Cheney noted the congressional Jan. 6 select committee on which she served
referred to the Justice Department evidence that Trump provided “aid and comfort” to the mob that stormed the Capitol three years ago. That is language in the section of the 14th Amendment that liberal advocacy groups and some voters are leaning on to challenge Trump’s eligibility for the GOP primary ballot in dozens of states.
Republicans, including Trump’s rivals for the GOP nomination, have widely criticized efforts to bar the former president from the ballot as undemocratic. Some have argued that it’s wrong to disqualify Trump without him being convicted of a crime.
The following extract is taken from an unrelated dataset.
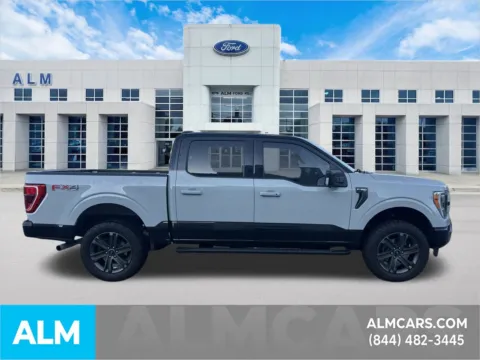 More photos of 2023 Ford F-150 XLT at ALM Ford Marietta, GA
But Cheney, one of the GOP’s most outspoken critics of Trump, said a conviction isn’t required under the Constitution.
“I certainly believe he should have been convicted by the Senate. But I don’t believe that that’s necessary,” Cheney said. “His actions do fit the plain meaning of the Constitution, the plain language.”
On the eve of the third anniversary of the Capitol riot, Cheney said that Trump’s actions that day “threaten the very foundations of our democracy.”
She urged New Hampshire voters to reject him in the state’s first-in-the-nation presidential primary later this month, even as the former president leads polls of likely GOP primary voters by double digits
“In a little over two weeks, when you in New Hampshire go to the polls, the world will be watching. And so, New Hampshire, I ask you this: speak for us all,” Cheney said. “Show the world that we will defeat the plague of cowardice sweeping through the Republican Party.”
Cheney continues to flirt with the possibility of her own third-party presidential bid, vowing to do “whatever it takes” to keep Trump from returning to the White House.
“I’m going to do whatever is the most effective thing to ensure that Donald Trump is not elected,” Cheney said to applause on Friday. “I’ll make a decision about what that is in the coming months.”